Hlongwane beschrijft het onvoorstelbare leven van PAC1 leider Zephania Lekoame Mothopeng ofwel Uncle Zeph. Een leven lang streed hij tegen het koloniale Apartheidsregiem. Dat betekende gevangenisstraffen zoals tweemaal Robben Eiland, het doorstaan van eenzame opsluitingen en ongekende martelingen. Zijn vriend, de schrijver Es’kia Mphahlele: ‘I know of no activist in this country whose body has been savaged for so long a period as was yours.’

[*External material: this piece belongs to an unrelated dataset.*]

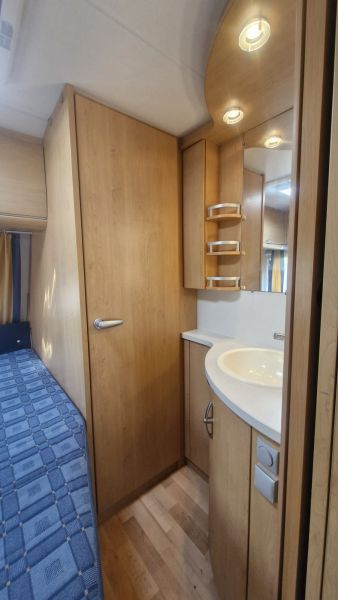 En venta Knaus CARAVAMA SUDWIND 500 FSK 3 AMBIENTES Blanco 2010 Barcelona foto 13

De leidende westerse Anti-Apartheidsbewegingen zwegen over Zeph Mothopeng en onthielden hem en zijn beweging steun2. Deze goed gedocumenteerde politieke biografie laat zien hoe onterecht en hardvochtig dat zwijgen is geweest.

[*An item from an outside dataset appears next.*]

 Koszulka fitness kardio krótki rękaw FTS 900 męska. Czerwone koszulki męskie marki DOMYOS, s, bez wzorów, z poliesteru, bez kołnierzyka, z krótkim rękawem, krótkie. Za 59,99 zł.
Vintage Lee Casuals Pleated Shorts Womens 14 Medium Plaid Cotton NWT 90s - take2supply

Dr. Ali Khangela Hlongwane is researcher bij de History Research Group van de Witwatersrand Universiteit in Johannesburg.

Brief van een dochter

Het boek begint met een aangrijpende brief van dochter Sheila Masote3 aan haar overleden vader. Daarin beschrijft zij de impact van de verzetsactiviteiten van Mothopeng op zijn gezin. Ze schrijft hoe ze aanvankelijk opgroeide in een rijke sociale en culturele omgeving, hoe dat veranderde toen haar vader vaker in de gevangenis verbleef en uiteindelijk het grootste deel van zijn leven van zijn gezin was afgesneden. ‘I have been angry with you for far too long now, Papa. I have had too ‘whys/’, ‘hows’? and how dare yours/ and the ultimate: choosing Sechaba (nation) over us, your family and over ME!’ Ze verhaalt over haar boosheid hoe zij en haar moeder, Urbania (Bebe) Mothopeng4, als vrouwen uit veiligheidsoverwegingen werden buitengesloten van zijn politieke activiteiten en haar broers niet. Tot haar moeder eiste dat ze erbij betrokken zouden worden. ‘I felt betrayed by you Papa, and by the perceived unexpected male chauvinism from you, my ever liberal dad.’

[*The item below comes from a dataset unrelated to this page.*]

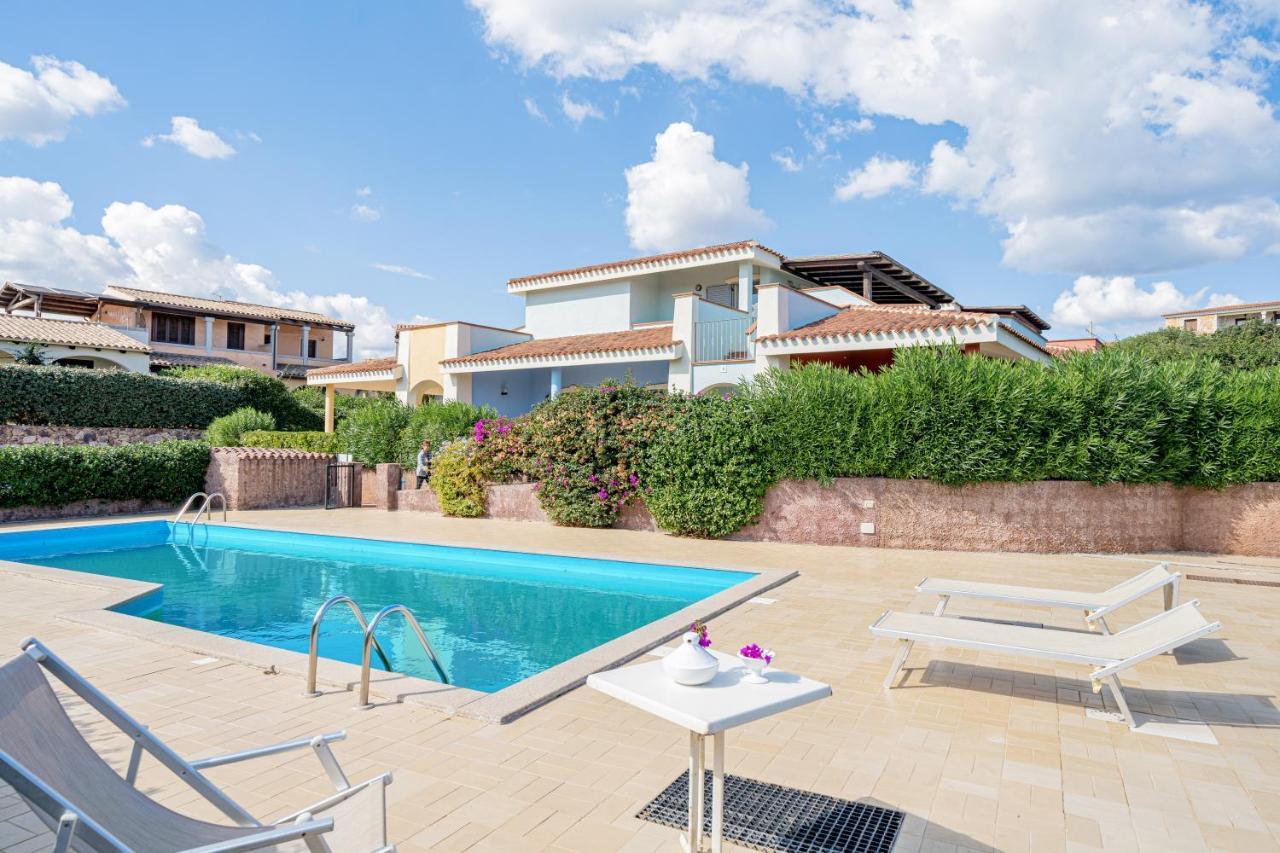 Residence La Tartaruga Монте Петросу Екстериор снимка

Onder de Terrorisme Wet zat Sheila zelf enige tijd in eenzame opsluiting waar ze een miskraam kreeg. Volwassen en mede door haar gevangeniservaring begreep zij later de rol van haar ouders en het PAC in de bevrijdingsstrijd. ‘Pride swelled in me, tempering the pain and self-pity. I came to understand you, your fight, resilience and dedication to the liberation of Africa and its people.’

Vroege jaren, Land Act

Het geboortejaar van Zeph Mothopeng viel samen met de afkondiging in 1913 van de Land Act. De Land Act was in 1910 voorafgegaan door de vorming van de Unie van Zuid-Afrika waarmee de politieke en economische macht van de witte minderheid werd bekrachtigd. Met de Land Act begon de opmaat naar een traumatische hervestigingspolitiek en verdere onteigening van het land van de Afrikaanse meerderheid. Zo werd de in 1652 door Jan van Riebeeck begonnen landroof voortgezet en bestendigd. Het tekende het leven, lijf en leden van Zeph Mothopeng. Onvermoeibaar zou hij strijden voor de teruggave van het geroofde land, de bevrijding van Azania (Zuid-Afrika) en Afrika.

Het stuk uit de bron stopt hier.